She looked over at him but then she went back to it. She had her forearms resting over the top of the steering wheel, leaning forward. "She was under a blanket or bedspread or something. I was glad that she was with me again, even though so much time had gone by and she was older and I'd missed—you know—a time in her life."

"Guilt," Jerome said.

She gave him another look.

"Sorry."

"I said, 'Someone's knocking on the door and it's the middle of the night.' Her bed had a window right above it. We could look out and see down in the front yard, but we couldn't see the porch because the porch roof hid who was down there knocking. A couple of more times the knocking came, and we lay on the bed together, real low, watching out the window. Then the knocking stopped and we saw this young woman. She was dressed like—I don't know—like Florence Nightingale or something, that kind of era—the bonnet, you know?—and all in black? She was hurrying away, I mean walking real fast, through the shadows and stuff—where could she have been going?—so fast I almost couldn't see her in the dark, almost couldn't focus on her, but I saw that she was carrying these flowers and they were black. Black flowers."

Janet was quiet for a while. She stared up the road. Finally, Jerome said, "Guilt. And death."

She punched him on the leg good-naturedly, then opened her window and chucked the can, rolled the window back up, and opened another beer.

He looked up the highway, trying to think of a way to change the subject. "Why didn't you bring Barbara with you when you left the place?"

"I didn't know what in hell I was doing—I was just getting out." Janet ran her fingers through her hair, shook her head. "I don't know. Don't ask me that. I was nuts."

The road was narrow, the old kind. The grass grew right up to the edge. The land was fairly flat, so the road was straight. In his mind, Jerome sketched it, stick and ink, the very subtle contours of the retreating tree lines and pastures, the clusters of houses, the receding road in the flatness.
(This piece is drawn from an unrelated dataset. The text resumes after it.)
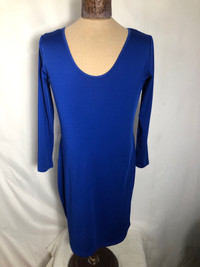 Womens Blue Stretchy Dress. 2XL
He wrestled with the colors in his mind, trying to paint it. In this season, the values were close, tans and grays, blacks and browns. In art school he'd drawn and painted a lot of landscapes, efforts he had long ago ditched.
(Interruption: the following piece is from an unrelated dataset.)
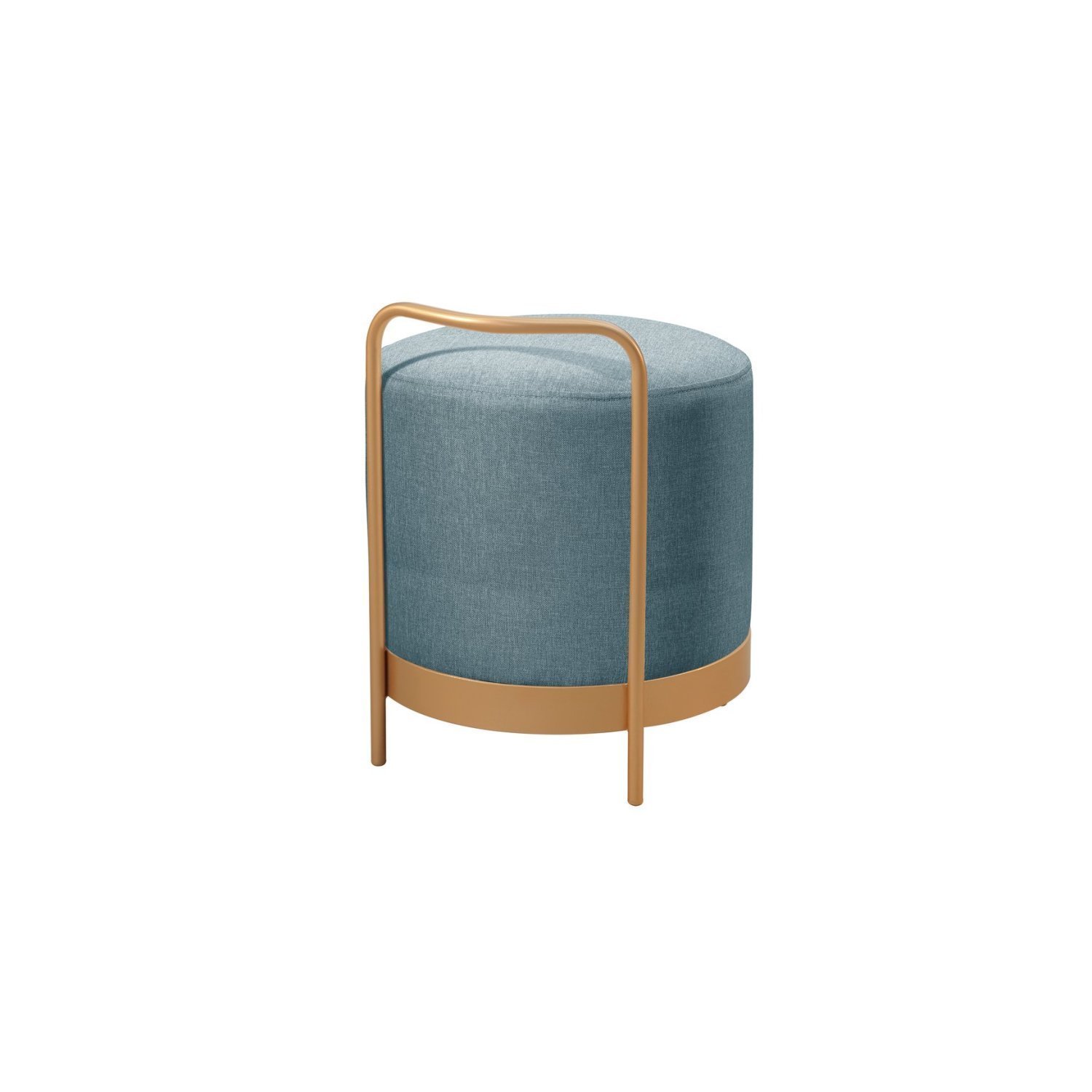 Puff Redondo em Linho 50cm com Base Bacci - 3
Janet cut back the heat. She reached up on the dashboard and found a picture, which she handed to him. It was a wrinkled-up Polaroid of a little blond girl next to a tire swing. "I need this little girl in my life." Now there were tears. "Any way," she said, wiping them, "Geneseo's an anarchist community, founded by libertarians. That was the name of the game in 1969 or whenever. The main guy's still there—Stephen Boyce."

Jerome was still looking at the picture.

"These communities, if you're wondering, aren't all drugs and free love like the CIA says. They often turn out to be more rigid than ordinary society or whatever. Believe that?"

Someone passed them in a van, honking. She stared into the cab as they went by. "Speed on, hell ain't half full." She toasted them with her beer. "Sometimes we'd get kids from Chicago or St. Louis, and they'd think they wanted to join. But they wouldn't work. We'd always split over what to do about it. One side believed that if these creeps wouldn't work they should be gone. And you had these other people over here who believed in the 'process' of anarchism. Very big idea. They believed the kids should be allowed to stay and that the process of community would convert them to work and the cooperative life."

They went on up the road a while. They were coming into the west side of Champaign. Jerome said, "So tell me about Stephen Boyce."

"He's like . . . the main person."

They shot under a sign for Interstate 74, and Jerome pointed her onto the cloverleaf. The van ahead of them was gone. Janet rolled down her window and chucked the can.

"As he gets older, he settles down more and more. He's a father figure there now. Beard's getting gray, that sort of thing." She smiled. "He's a literature buff, however, and big on Kafka, so anything can happen. He makes money for us by giving speeches about community and communes and stuff."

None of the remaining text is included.